Now an internationally exhibiting artist and a 2025 Sobey Art Award shortlist nominee, Amiri is returning to Halifax, her “second home”, for a public artist talk on April 16 at the Halifax Central Library. The event, running from 7 to 8:30 pm, it is part of a broader conversation around art, community and storytelling, co-presented by the National Gallery of Canada, the Sobey Art Foundation and Halifax Public Library.
Amiri’s work comprises of detailed textile collages, centred on themes of home, migration and the everyday lives of Afghan women. But her journey to this point has been anything but linear.
“I was actually born in Peshawar, Pakistan,” she says. “My parents were still migrating between the borders of Afghanistan and Pakistan.”

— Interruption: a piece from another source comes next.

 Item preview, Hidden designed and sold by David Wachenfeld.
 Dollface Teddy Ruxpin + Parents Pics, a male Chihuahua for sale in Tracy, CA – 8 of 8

After spending part of her childhood in Afghanistan, her family fled when the Taliban took over in 1996. What followed was years of movement. Pakistan, then Tajikistan, before finally settling in Canada in 2005.
“It was a very long journey to come here, it wasn’t easy,” she says.
But even through displacement, art remained constant.
Her practice draws from personal archives, family photographs, letters and material fragments, transforming them into intricate visual narratives.
“I’ve always been interested in art, even when I was really young,” Amiri says. In Tajikistan, she entered an art competition supported by refugee aid organizations, and won. Her prize: admission into art school.

“The picture that I painted was very symbolic,” she says. “It was about returning back to Afghanistan in a very progressive kind of scene.”
That early moment set the foundation for everything that followed, from NSCAD in Halifax to Yale University, where she refined the textile-based practice she’s now known for.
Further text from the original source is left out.